#basics
This is a series of ongoing slac notes & exercises.
##week 0
- set up a github account
- set up your computer with either linux or mac
- get a text editor. suggested editors: sublime, textmate
###linux install
- get ubuntu. a 10-15 gig partition is sufficient
- setup python
easy_install pip;
sudo pip install virtualenv
###mac install
easy_install pip;
sudo pip install virtualenv
##week 1
- big O notation
- linked lists
- arrays
- hash maps
###Big O notation/runtime complexity wikipedia
The basic question that big O notation is trying to answer is: how many steps does it take to compute a solution?

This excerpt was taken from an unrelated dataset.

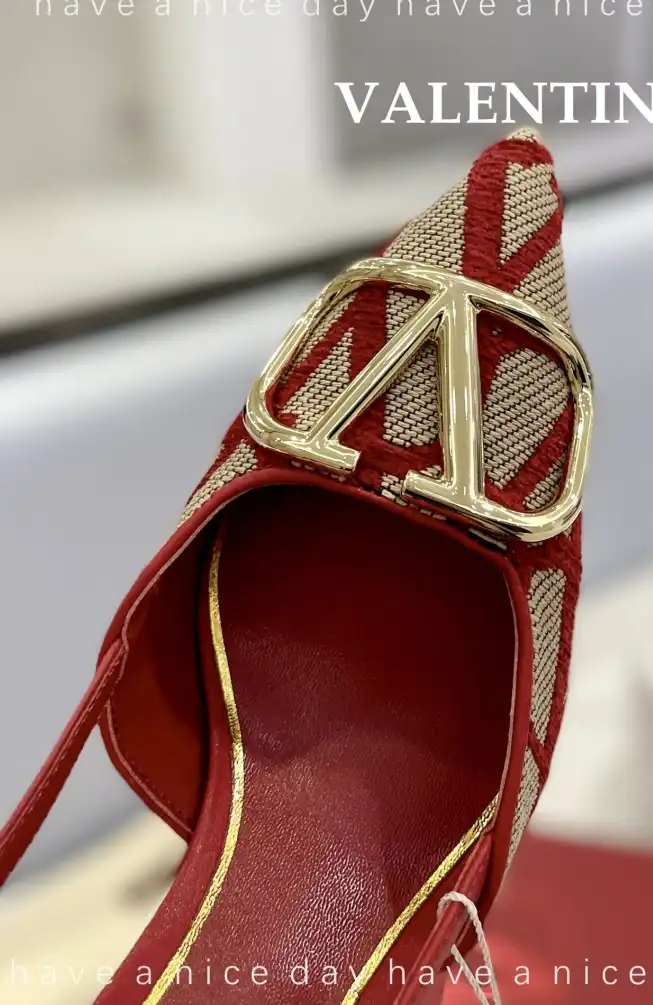 hype Valentino High Heels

It's a quick calculation of the speed of an algorithm. Let's say we have the following program to calculate factorials:
def factorial(n):
print "factorial called with", n
if (n == 1):
return 1
return n * (factorial(n-1))Obviously the speed to calculate the factorial of 6 is a lot faster than the speed to calculate, say, 10391352. So we calculate big O with respect to n, in this case the input number.

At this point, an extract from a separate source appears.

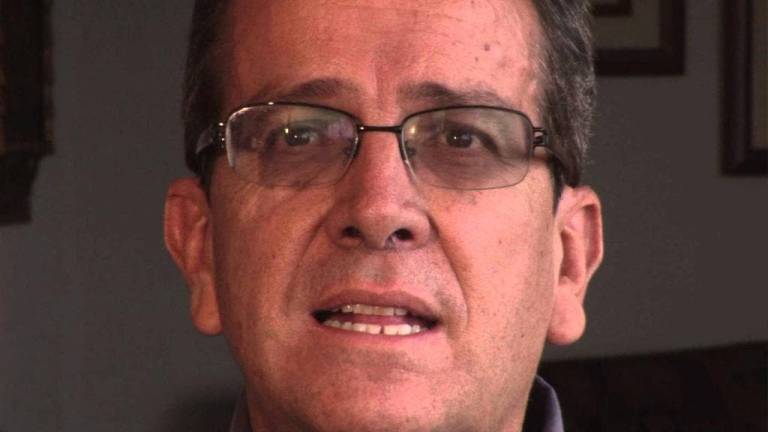Acosta: “Correa quiere proyectarse en una suerte de Putin andino”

So what's the runtime? Let's say we run
factorial(6)
Here are the steps that it would require:
factorial(6) factorial(5) factorial(4) factorial(3) factorial(2) factorial(1)
And as you increase the number n, the number of calls it would make to factorial grow in a linear proportion to n. It's O(n).
You can choose n to be whatever you like but by convention it's usually picked as whatever number is easiest to calculate. For example, when dealing with linked lists, n will probably be the length of the list.
There are a few common speeds of algorithms:
- Constant: O(1)
- Linear: O(n)
- Quadratic: O(n^2)
- Logrithmic: O(log(n))
Obviously you want to strive for the lowest runtime complexity. However in most scenarios you will have to make a tradeoff between memory and speed.